━━ INPUT
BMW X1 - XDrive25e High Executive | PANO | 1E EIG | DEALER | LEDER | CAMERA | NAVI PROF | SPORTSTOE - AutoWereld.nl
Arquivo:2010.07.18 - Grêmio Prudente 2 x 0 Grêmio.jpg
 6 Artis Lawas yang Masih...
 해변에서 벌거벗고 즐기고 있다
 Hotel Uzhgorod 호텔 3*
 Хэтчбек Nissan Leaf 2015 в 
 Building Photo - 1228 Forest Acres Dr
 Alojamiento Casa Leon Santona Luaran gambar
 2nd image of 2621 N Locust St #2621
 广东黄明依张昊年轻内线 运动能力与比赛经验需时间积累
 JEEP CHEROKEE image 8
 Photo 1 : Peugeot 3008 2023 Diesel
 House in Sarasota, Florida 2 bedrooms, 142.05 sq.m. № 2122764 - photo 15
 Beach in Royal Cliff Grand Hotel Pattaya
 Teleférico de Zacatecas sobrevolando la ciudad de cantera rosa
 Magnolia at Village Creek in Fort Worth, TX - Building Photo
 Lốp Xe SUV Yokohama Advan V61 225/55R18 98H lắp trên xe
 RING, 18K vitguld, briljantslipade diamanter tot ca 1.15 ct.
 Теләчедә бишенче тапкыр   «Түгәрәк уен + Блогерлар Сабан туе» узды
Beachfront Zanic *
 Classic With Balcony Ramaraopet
━━━━
TASK STATEMENT -> Retype all of the material above. Do not alter a single word.

RESULT OF THIS EXERCISE ->
BMW X1 - XDrive25e High Executive | PANO | 1E EIG | DEALER | LEDER | CAMERA | NAVI PROF | SPORTSTOE - AutoWereld.nl
Arquivo:2010.07.18 - Grêmio Prudente 2 x 0 Grêmio.jpg
 6 Artis Lawas yang Masih...
 해변에서 벌거벗고 즐기고 있다
 Hotel Uzhgorod 호텔 3*
 Хэтчбек Nissan Leaf 2015 в 
 Building Photo - 1228 Forest Acres Dr
 Alojamiento Casa Leon Santona Luaran gambar
 2nd image of 2621 N Locust St #2621
 广东黄明依张昊年轻内线 运动能力与比赛经验需时间积累
 JEEP CHEROKEE image 8
 Photo 1 : Peugeot 3008 2023 Diesel
 House in Sarasota, Florida 2 bedrooms, 142.05 sq.m. № 2122764 - photo 15
 Beach in Royal Cliff Grand Hotel Pattaya
 Teleférico de Zacatecas sobrevolando la ciudad de cantera rosa
 Magnolia at Village Creek in Fort Worth, TX - Building Photo
 Lốp Xe SUV Yokohama Advan V61 225/55R18 98H lắp trên xe
 RING, 18K vitguld, briljantslipade diamanter tot ca 1.15 ct.
 Теләчедә бишенче тапкыр   «Түгәрәк уен + Блогерлар Сабан туе» узды
Beachfront Zanic *
 Classic With Balcony Ramaraopet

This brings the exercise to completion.